:: THE PROBLEM ::
Your task is to return all of the records exactly, minus any images.

[Opening SOURCE MATERIAL section]

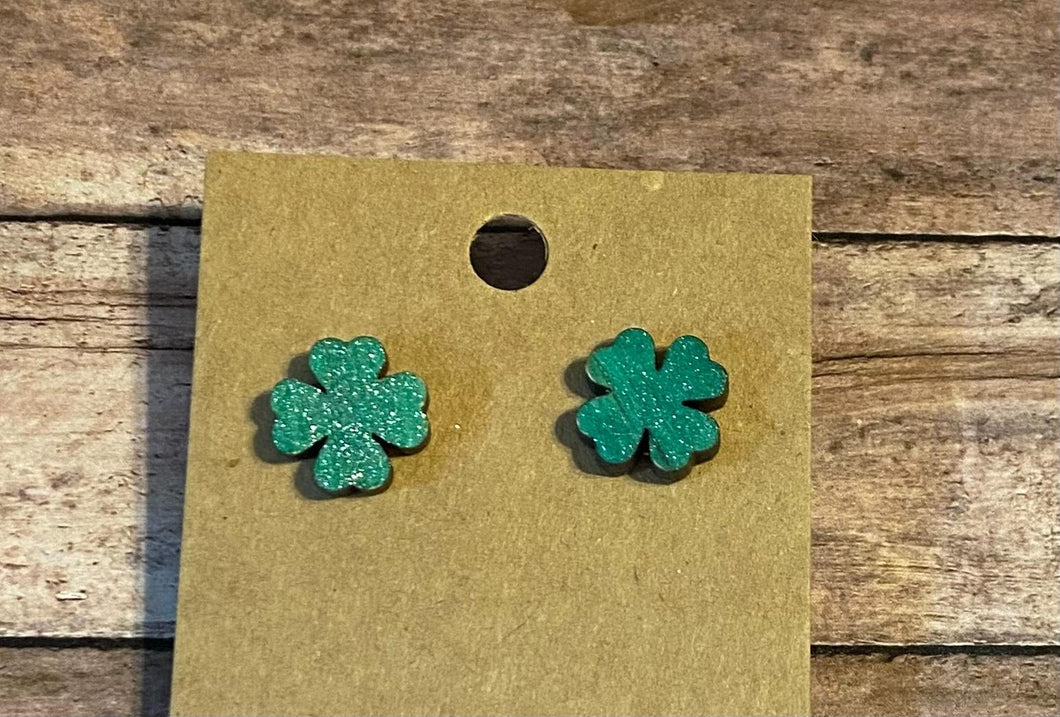 4 leaf clover wood stud earrings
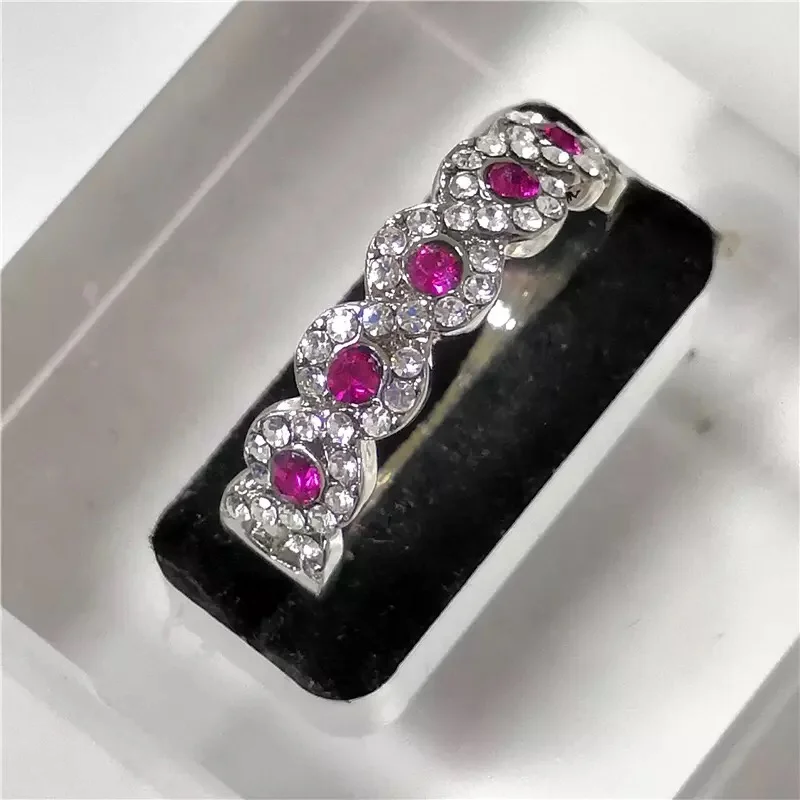 Hollow Strip Shape Silver Finger Rings for Women Wedding Red Zircon Full Drill Engagement Jewelry Fashion Love Gifts Accessories
Hollow Strip Shape Silver Finger Rings for Women Wedding Red Zircon Full Drill Engagement Jewelry Fashion Love Gifts Accessories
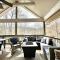 The Cove Retreat- Hot Tub/Screened Porch/Game Room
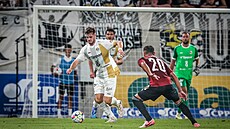 Daniel Samek (vlevo) bhem zápasu proti Spart.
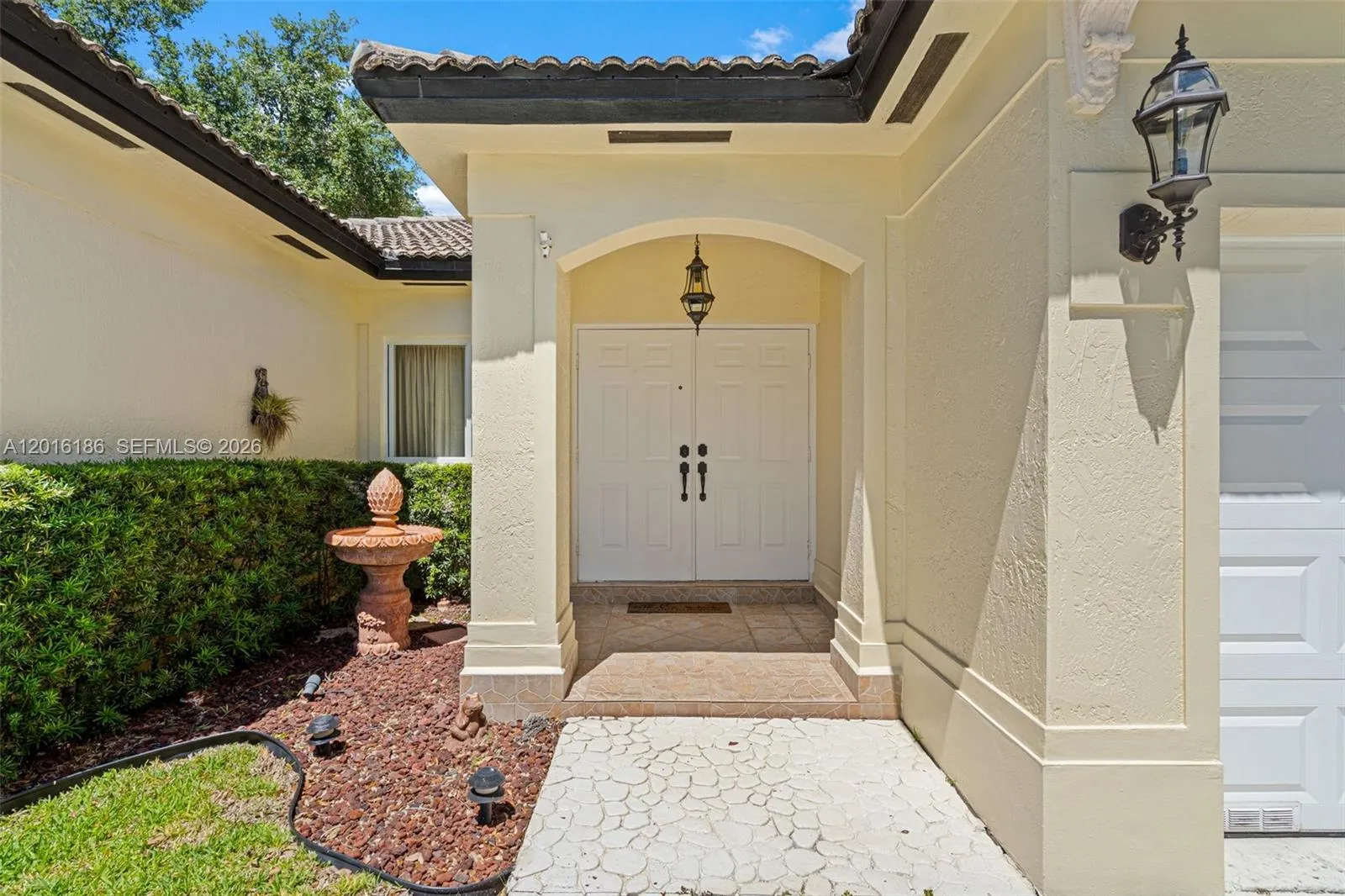 16238 NW 91st Ave, Miami Lakes FL 33018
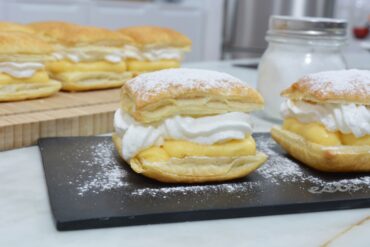 hojaldre relleno con crema y merengue principal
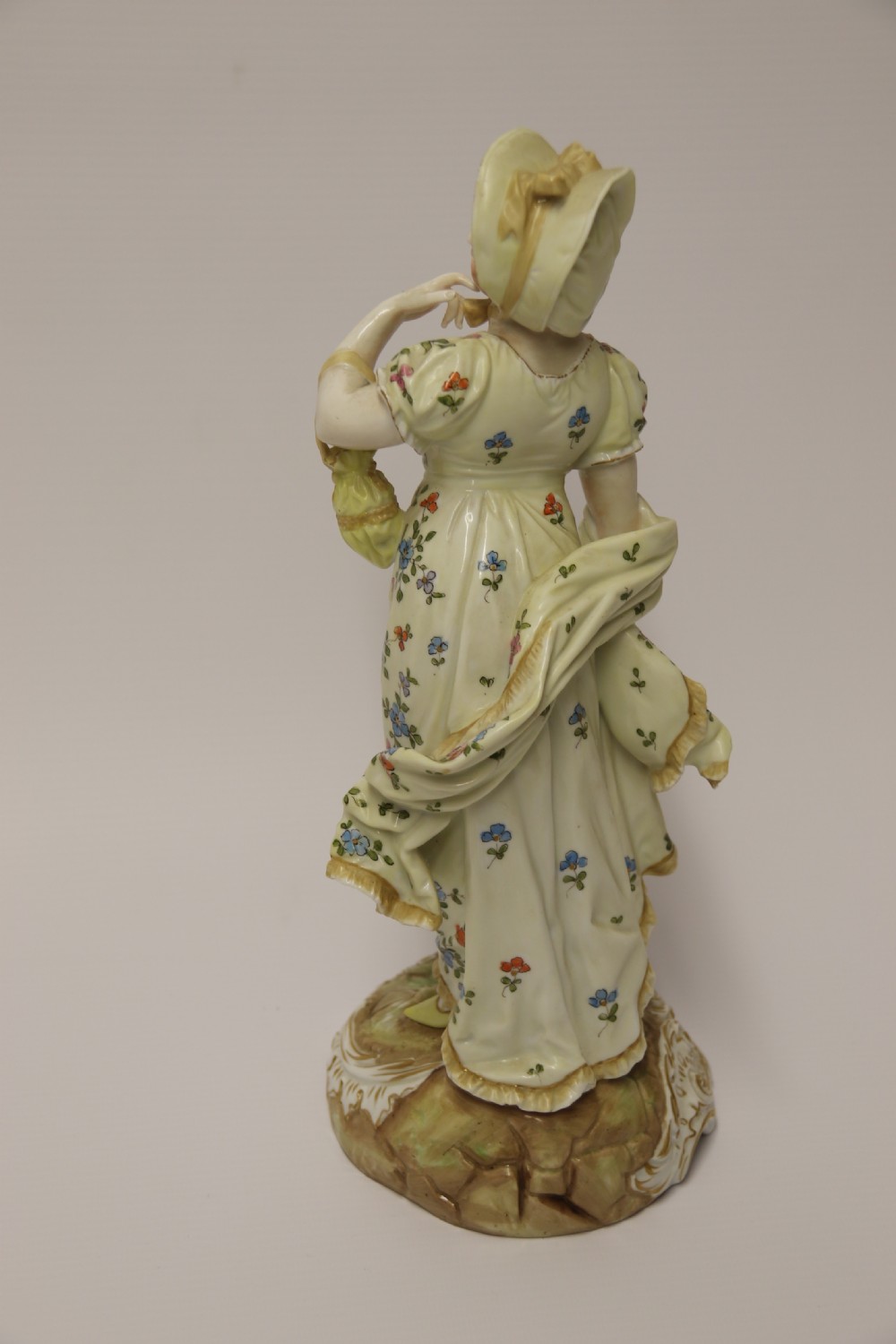 A superb pair of late 19th century Rudolstadt Volkstedt Figures   View XIII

[Closing SOURCE MATERIAL section]

:: OUTPUT OF THE TASK ::
 4 leaf clover wood stud earrings
 Hollow Strip Shape Silver Finger Rings for Women Wedding Red Zircon Full Drill Engagement Jewelry Fashion Love Gifts Accessories
Hollow Strip Shape Silver Finger Rings for Women Wedding Red Zircon Full Drill Engagement Jewelry Fashion Love Gifts Accessories
 The Cove Retreat- Hot Tub/Screened Porch/Game Room
 Daniel Samek (vlevo) bhem zápasu proti Spart.
 16238 NW 91st Ave, Miami Lakes FL 33018
 hojaldre relleno con crema y merengue principal
 A superb pair of late 19th century Rudolstadt Volkstedt Figures   View XIII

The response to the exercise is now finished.